* _Raw data_:
- - - - - - -
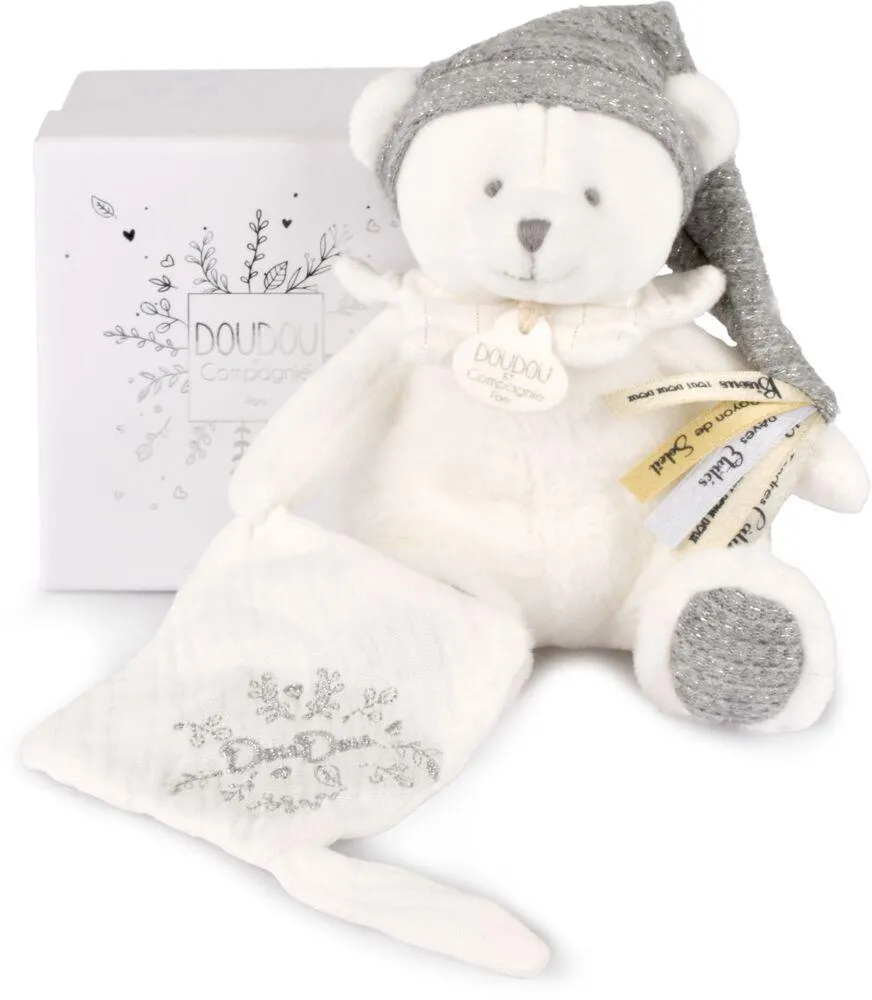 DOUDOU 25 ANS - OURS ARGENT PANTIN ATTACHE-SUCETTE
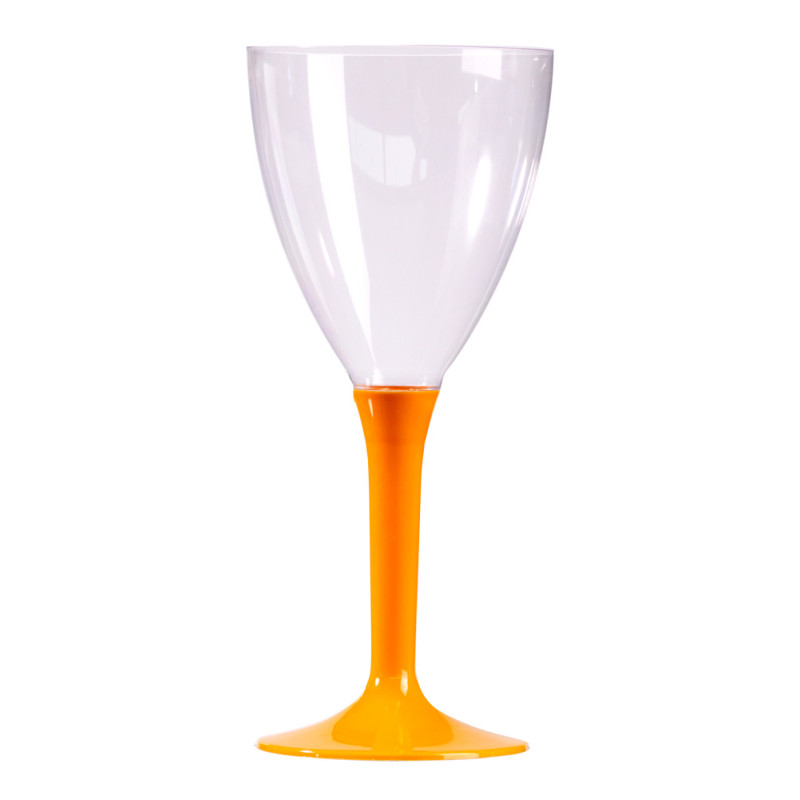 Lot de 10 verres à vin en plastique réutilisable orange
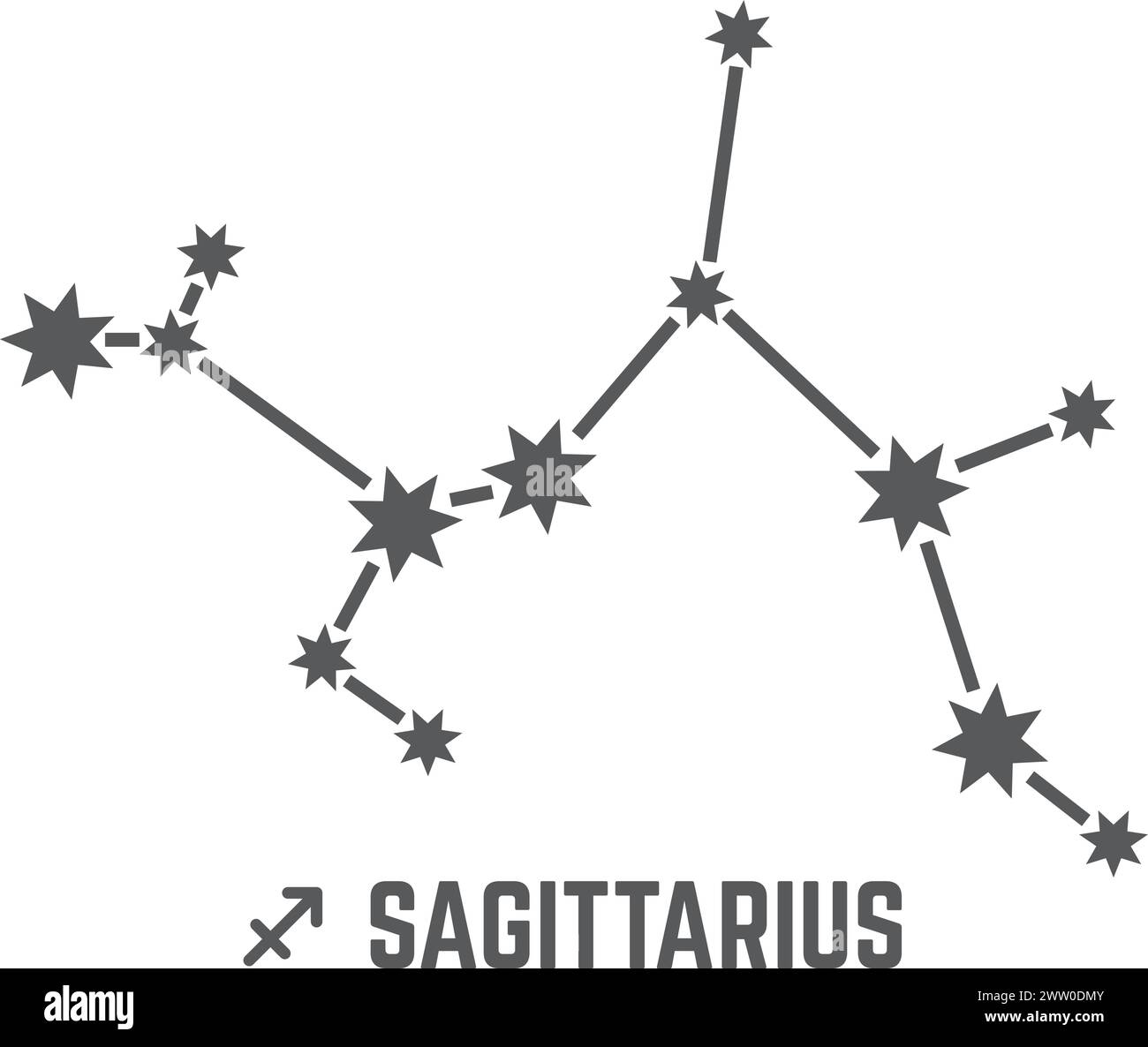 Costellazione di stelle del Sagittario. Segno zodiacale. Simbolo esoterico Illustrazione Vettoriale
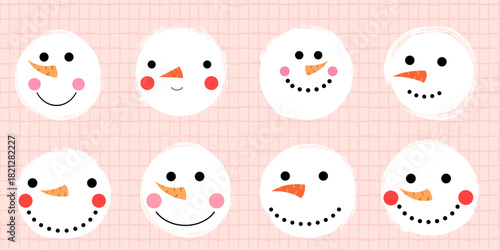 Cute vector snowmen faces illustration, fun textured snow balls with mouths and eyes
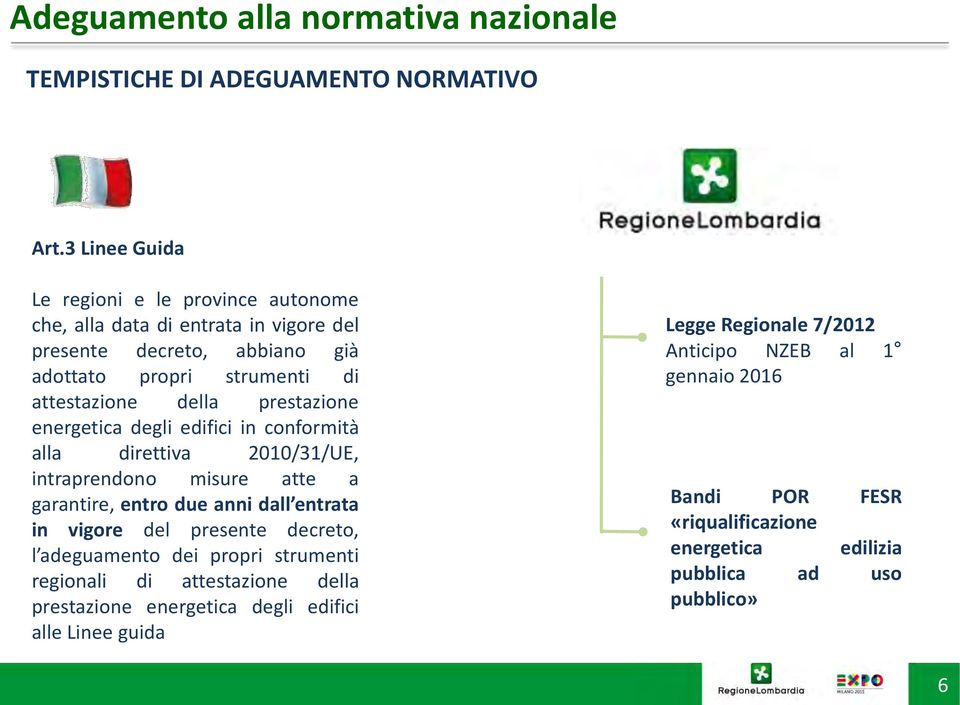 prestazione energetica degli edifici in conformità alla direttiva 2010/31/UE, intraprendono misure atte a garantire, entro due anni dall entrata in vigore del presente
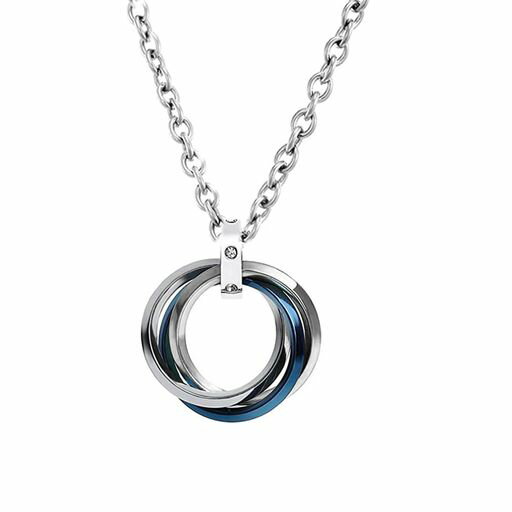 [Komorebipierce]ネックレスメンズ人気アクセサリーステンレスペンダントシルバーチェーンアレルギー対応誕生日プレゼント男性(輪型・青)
- - - - - - -
* _Task brief_: Transcribe all of the entries word for word, but skip any pictures they contain.

* _Solution to the exercise_:
 DOUDOU 25 ANS - OURS ARGENT PANTIN ATTACHE-SUCETTE
 Lot de 10 verres à vin en plastique réutilisable orange
 Costellazione di stelle del Sagittario. Segno zodiacale. Simbolo esoterico Illustrazione Vettoriale
 Cute vector snowmen faces illustration, fun textured snow balls with mouths and eyes
 prestazione energetica degli edifici in conformità alla direttiva 2010/31/UE, intraprendono misure atte a garantire, entro due anni dall entrata in vigore del presente
 [Komorebipierce]ネックレスメンズ人気アクセサリーステンレスペンダントシルバーチェーンアレルギー対応誕生日プレゼント男性(輪型・青)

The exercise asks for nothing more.